Exercise data
Content starts
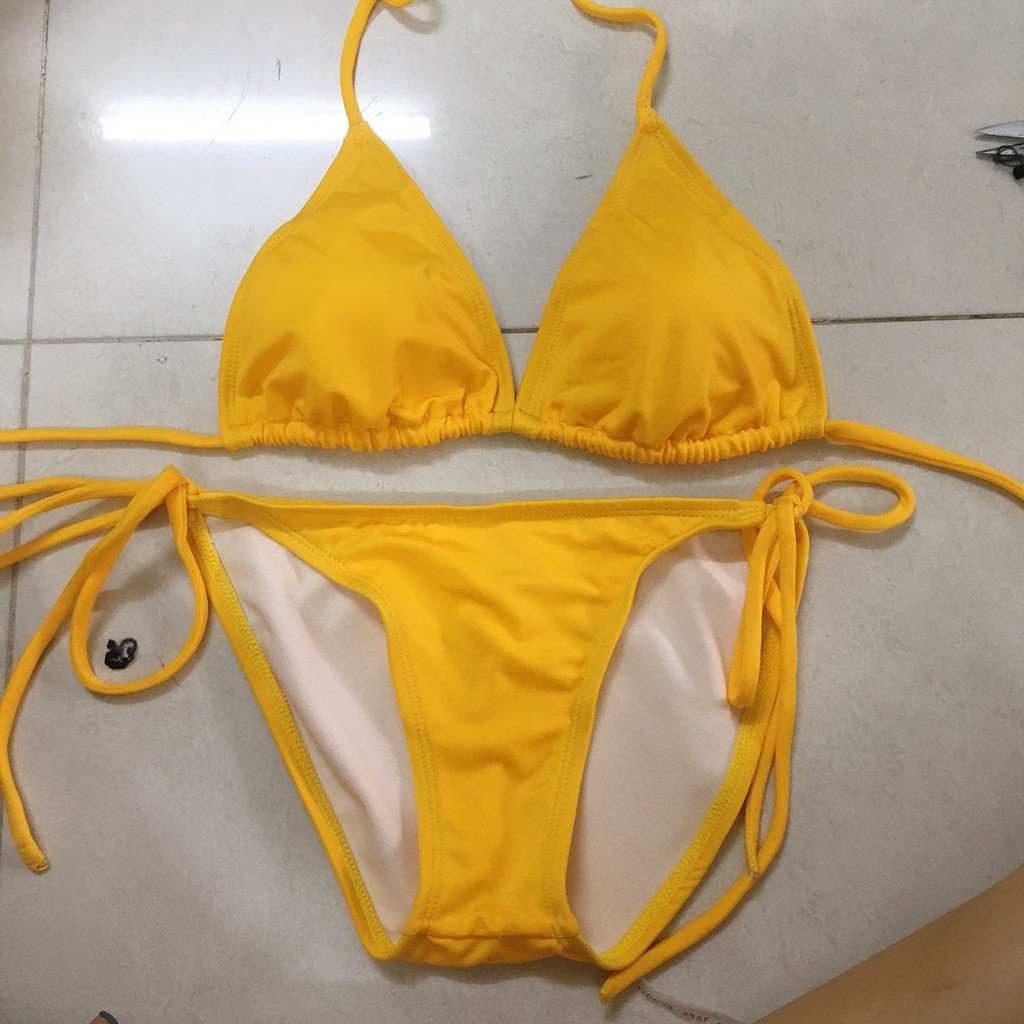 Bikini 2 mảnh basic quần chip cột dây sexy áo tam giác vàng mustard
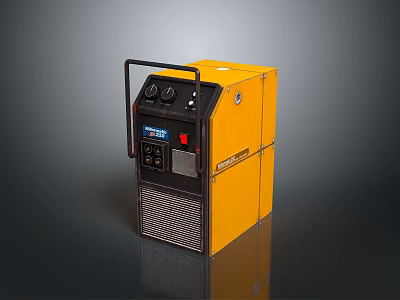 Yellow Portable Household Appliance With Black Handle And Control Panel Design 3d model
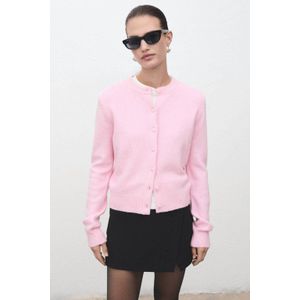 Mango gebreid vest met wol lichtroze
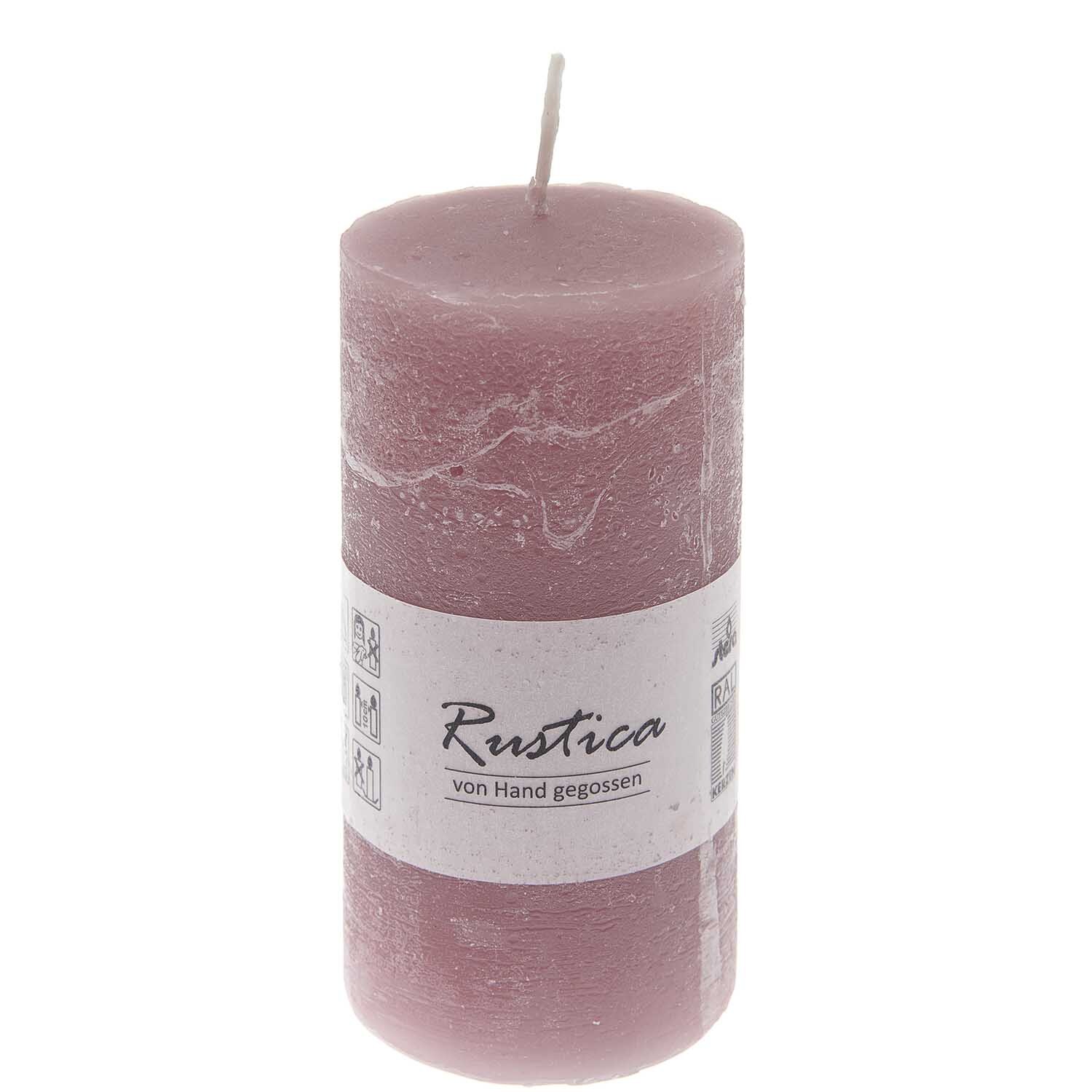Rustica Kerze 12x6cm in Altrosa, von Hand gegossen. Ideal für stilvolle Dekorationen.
Content ends
What you return should be the exact lines from the one containing "Mango gebreid vest met wol lichtroze" through the end of the listing above, both included, minus any pictures.

Exercise output
 Mango gebreid vest met wol lichtroze
Rustica Kerze 12x6cm in Altrosa, von Hand gegossen. Ideal für stilvolle Dekorationen.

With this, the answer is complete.